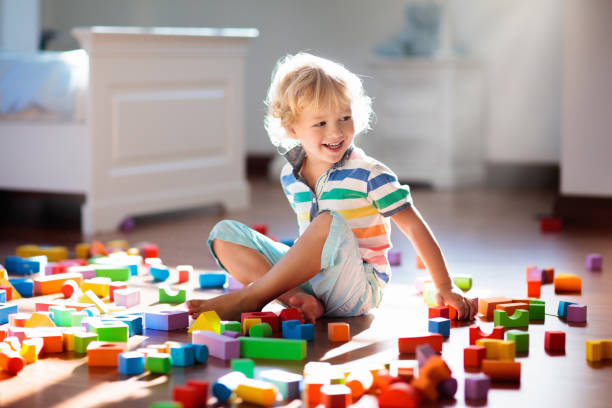 istock Child playing with colorful toy blocks. Kids play. 1132351603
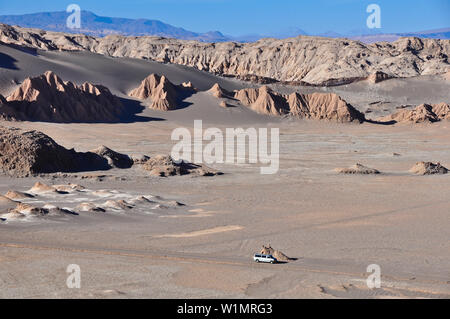 Jeep in pista tra le montagne e le formazioni rocciose, Valle de la Luna e la Valle della Luna, il deserto di Atacama, riserva nazionale Reserva Nacional Los Flam Foto Stock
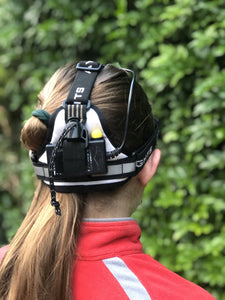 Young female wearing head torch, view from back of head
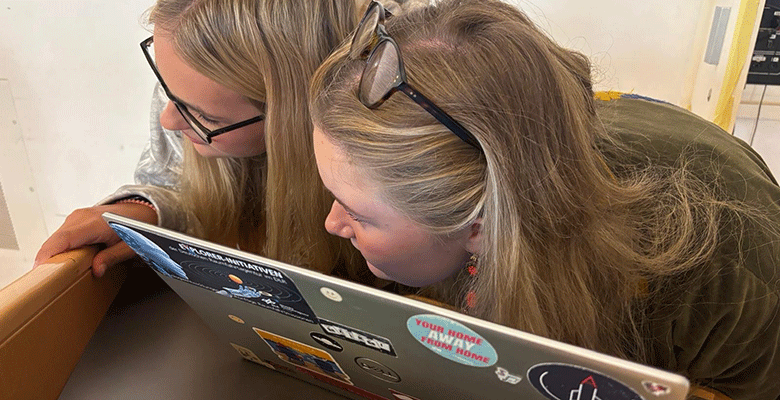 Zwei junge Frauen mit langen blonden Haaren beugen sich über einen Laptop und blicken konzentriert auf den Bildschirm. Der Deckel des Laptops ist mit verschiedenen Aufklebern beklebt, darunter einer mit der Aufschrift Your home away from home.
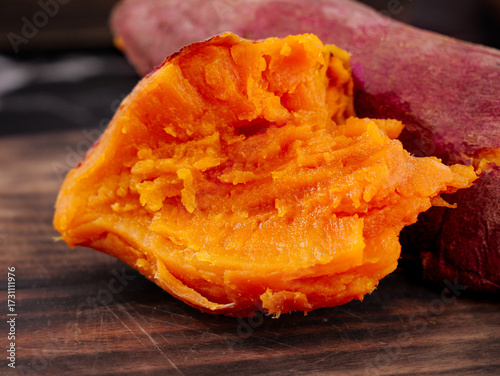 Fresh Red Sweet Potato Cut in Half Showing Orange Flesh Interior on Wooden Board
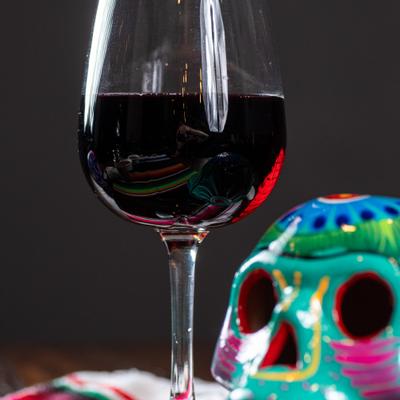 A glass of red wine beside a colorful decorative skull.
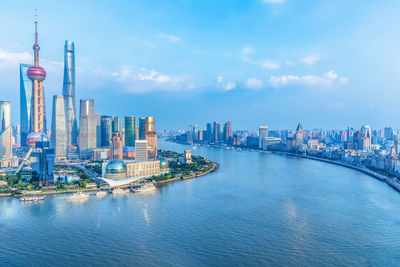 View of city buildings by river against sky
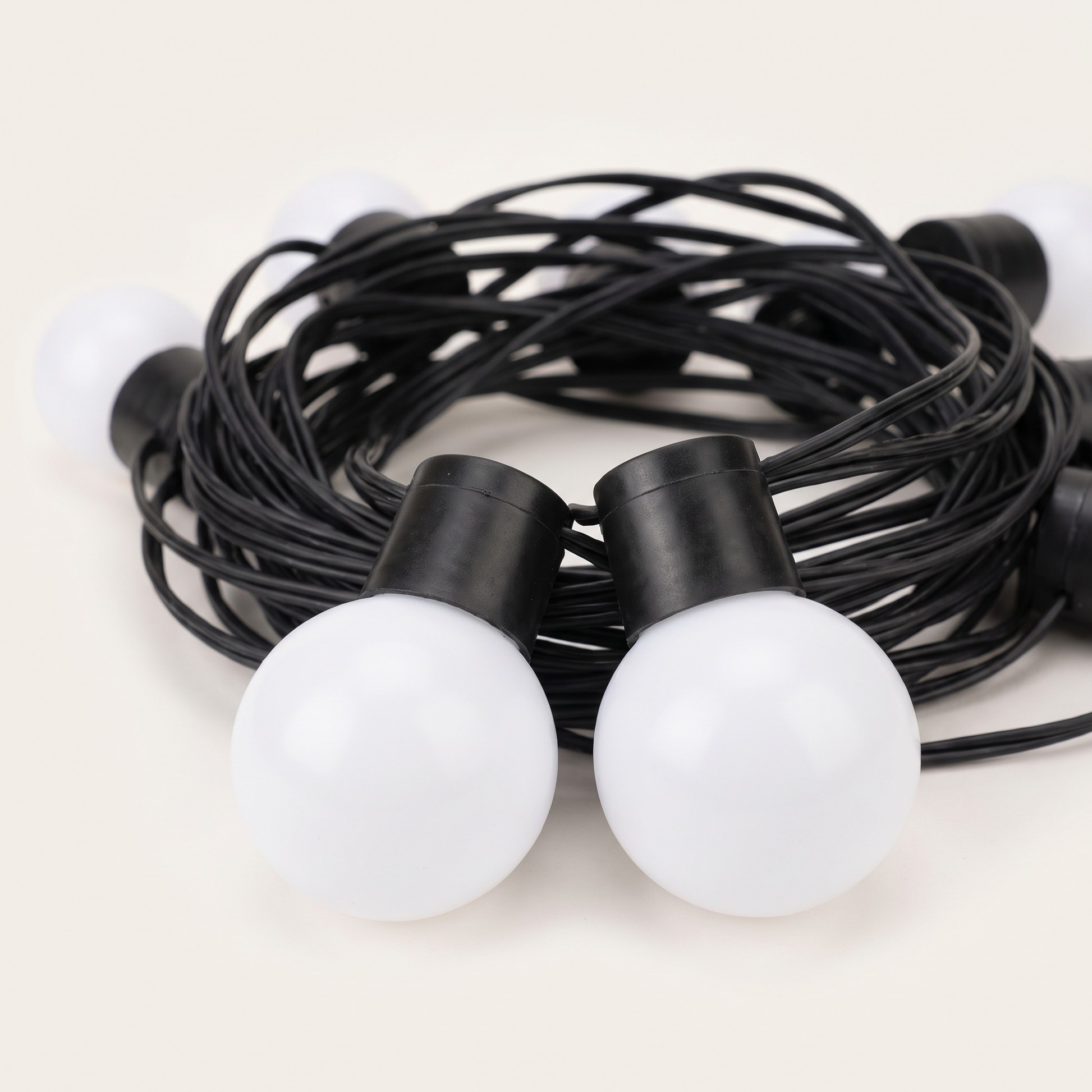 The light string coiled on a plain background, bulbs unlit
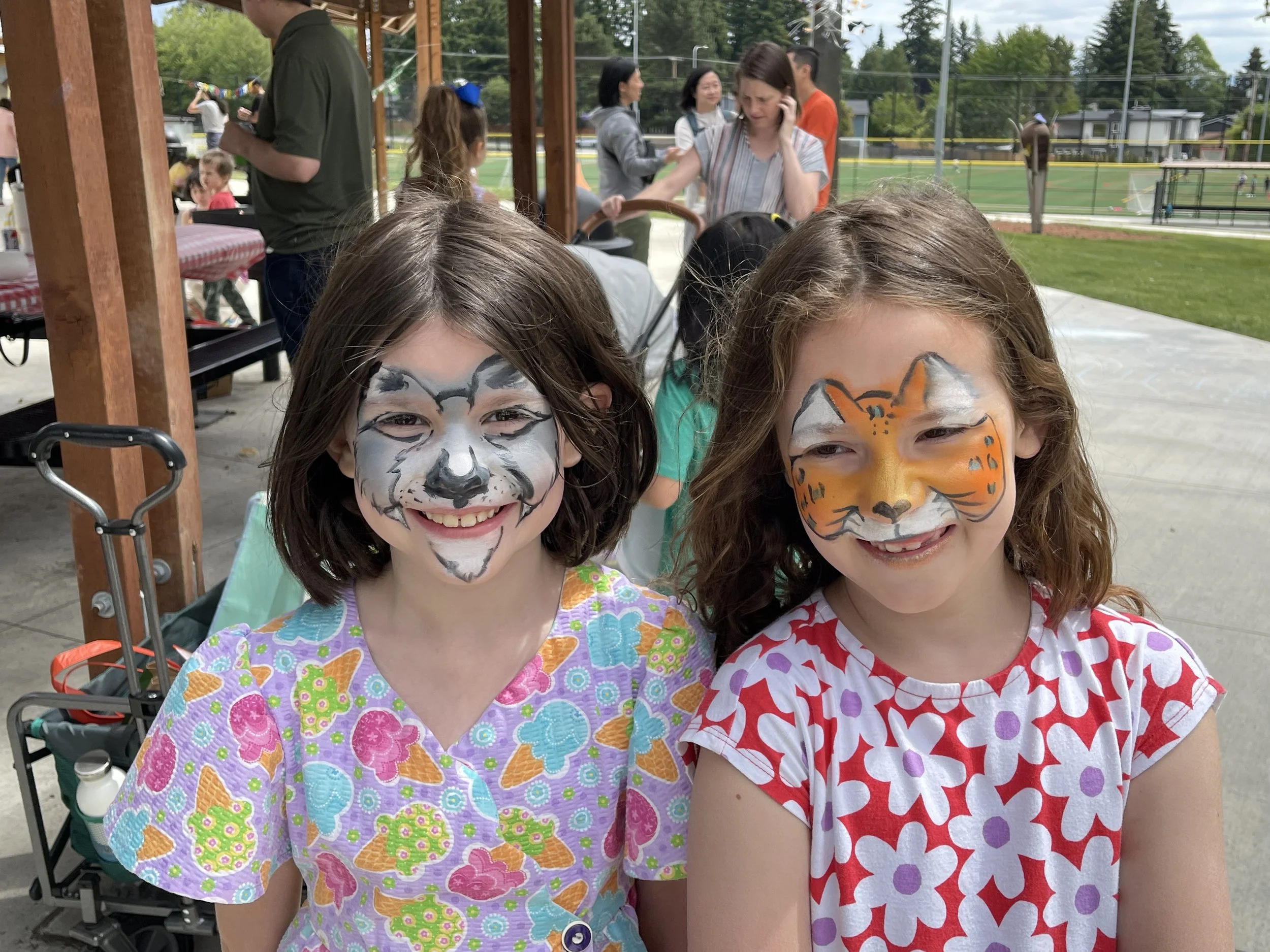 Two smiling girls with cat and tiger face paint pose for a photo at an outdoor gathering.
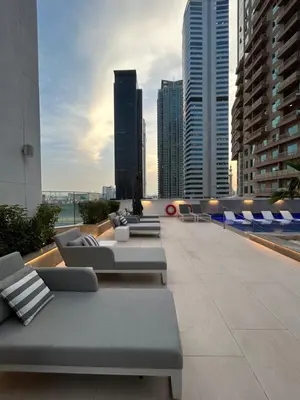 a rooftop patio with couches and chairs on a building at High Floor Brand New Apartment - 34 in Dubai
■ ■ ■
Restate word for word the lines running from the first line of the material to the line containing "The light string", inclusive, and drop every picture.

* [RESULT OF THE TASK]
 istock Child playing with colorful toy blocks. Kids play. 1132351603
 Jeep in pista tra le montagne e le formazioni rocciose, Valle de la Luna e la Valle della Luna, il deserto di Atacama, riserva nazionale Reserva Nacional Los Flam Foto Stock
 Young female wearing head torch, view from back of head
 Zwei junge Frauen mit langen blonden Haaren beugen sich über einen Laptop und blicken konzentriert auf den Bildschirm. Der Deckel des Laptops ist mit verschiedenen Aufklebern beklebt, darunter einer mit der Aufschrift Your home away from home.
 Fresh Red Sweet Potato Cut in Half Showing Orange Flesh Interior on Wooden Board
 A glass of red wine beside a colorful decorative skull.
 View of city buildings by river against sky
 The light string coiled on a plain background, bulbs unlit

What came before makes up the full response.